Pakistan’s Strategic Leap |
In the shifting sands of 21st-century geopolitics, alliances are no longer static treaties etched in Cold War stone. They are evolving contracts of strategic necessity and existential anxiety. For Pakistan, last year’s Strategic Mutual Defence Agreement with Saudi Arabia and Turkey’s reported interest in joining cannot be reduced to a simple pact among Muslim nations. It reflects a deeper, more searching impulse: How does Pakistan, a nation forged in the fires of perpetual insecurity, construct agency in a world where old alliances no longer guarantee safety?

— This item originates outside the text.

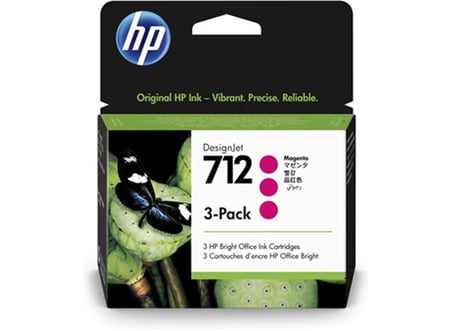 HP 712 Magenta Kırmızı 29ML 3Lü Paket Plotter Kartuşu 3ED78A (KDO)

This is not an abstract question of policy wonks. It is a question rooted in our societal aspirations and political anxieties, where the state’s choices are inextricably tied to narratives of survival and identity. Pakistan’s strategic culture has long oscillated between realist imperatives and moral narratives–between the imperatives of deterrence and the rhetoric of Muslim solidarity. The emerging Saudi-Pakistan-Turkey security configuration is both a continuation and a transformation of that long journey.
Our foreign policy has often been described in simplified binaries: East vs West, Islam vs secular nationalism, alliance vs non-alignment. But lived experience tells a more layered story. Its civil and military institutions have repeatedly grappled with the contradictions of being a Muslim homeland and a strategic actor in a fractious region. These tensions have shaped not only policy choices but the psychological architecture of the state itself.
This pact between Islamabad and Riyadh, as well as its potential to become a force of reckoning in the wider region, represents a strategic maturation, an attempt to reclaim agency not by clinging to external umbrellas, but by building tangible security linkages that count in the calculus of deterrence. Pakistan’s offer of mutual defence is not a chest-thumping rhetorical flourish. It is a reflection of hard bargaining rooted in its unique strategic assets: nuclear capabilities, a large and battle-tested army, and a growing defence industrial base.
Pakistan is less interested in being a client state and more determined to be a credible partner and producer.
“It is premature to say anything, but many countries desire, after this development, to have a similar arrangement,” Deputy Prime Minister Ishaq Dar had remarked in September.